Alternate mechanisms may involve the modulation of GHS-R activity by l-ornithine. GHS-R is localized to the hypophysis, where ghrelin directly stimulates GH release [20]. GHS-R is a G protein-coupled receptor (GPCR) that can cross-talk with other GPCRs to modulate receptor sensitivity [19]. Considering that one of the GPCRs (GPRC6A) is an l-ornithine sensor [18], l-ornithine may modulate GHS-R sensitivity to ghrelin by interacting with other GPCRs. In this hypothesis, GHS-R activation is necessary to elicit enhanced GH release. Notably, in the present study, l-ornithine-induced GH release started to increase along with endogenous increases in GH release. The endogenous changes might be due to prolonged fasting because the mice were fasted for 18 hr before experiments. In a previous study, prolonged fasting (24 hr and 48 hr before experiments) is associated with increased GHS-R and ghrelin expression in the murine hypophysis [13]. These data suggest that GH response to ghrelin or ghrelin production in the hypophysis might increase during prolonged fasting, and l-ornithine administration might enhance the response.

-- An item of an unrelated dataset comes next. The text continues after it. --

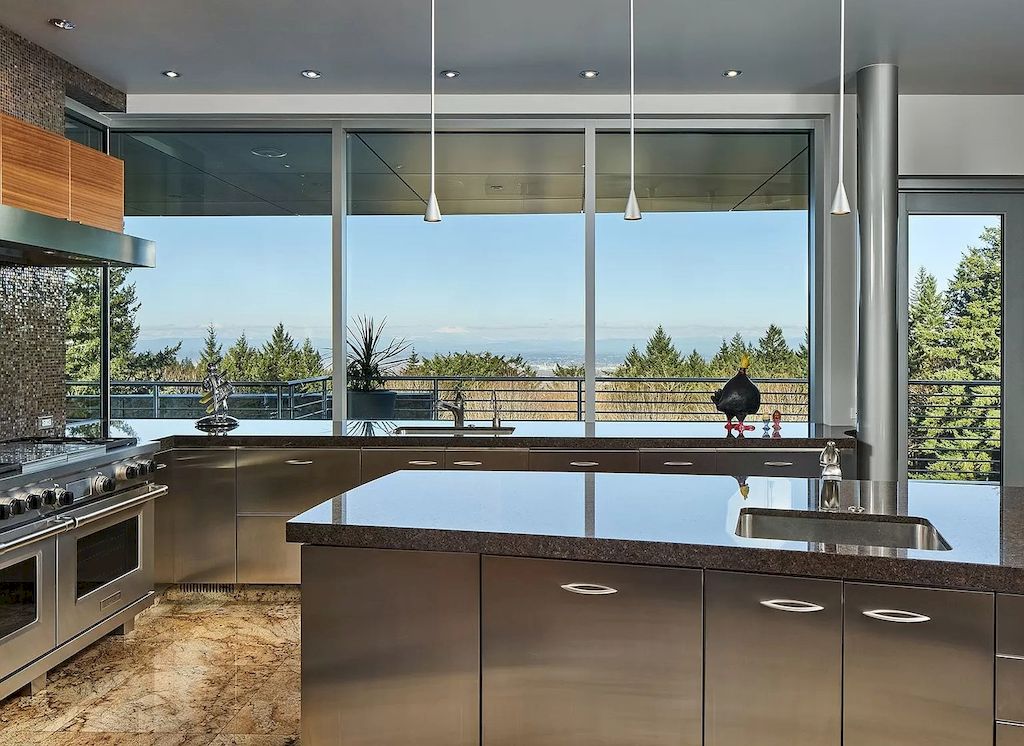 The Architecturally Significant Contemporary House in Oregon offers the perfect balance between function & form now available for sale. This home is located at 9912 NW Wind Ridge Dr, Portland, Oregon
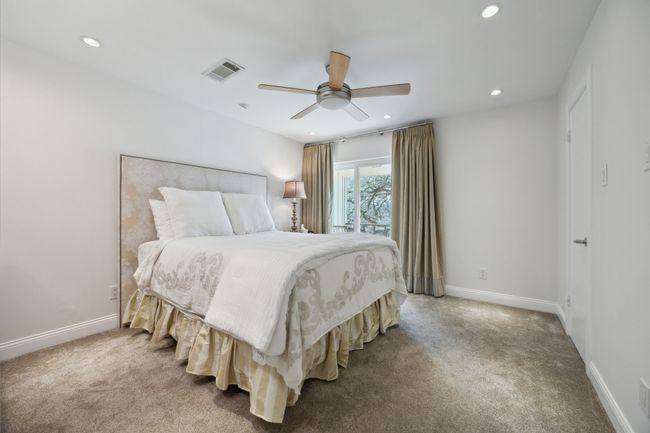 Second primary bedroom with closet and balcony overlooking front greenspace | Image 21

In conclusion, oral administration of l-ornithine increased GH release in mice, and the regulatory pathway is likely to involve ghrelin receptors. The onset of GH increases was delayed up to 150 min after oral administration, suggesting a sensitizing effect on ghrelin receptors in hypophyseal GH cells. Our study suggests a novel mechanism of l-ornithine action as a hormonal regulator. The cooperative mechanisms of l-ornithine and ghrelin receptors need to be further investigated in future studies.

CONFLICT OF INTEREST

Y H and F W are employees of KYOWA HAKKO BIO Co., Ltd. E M, A H, K K, M F, and S Y have no conflicts of interest.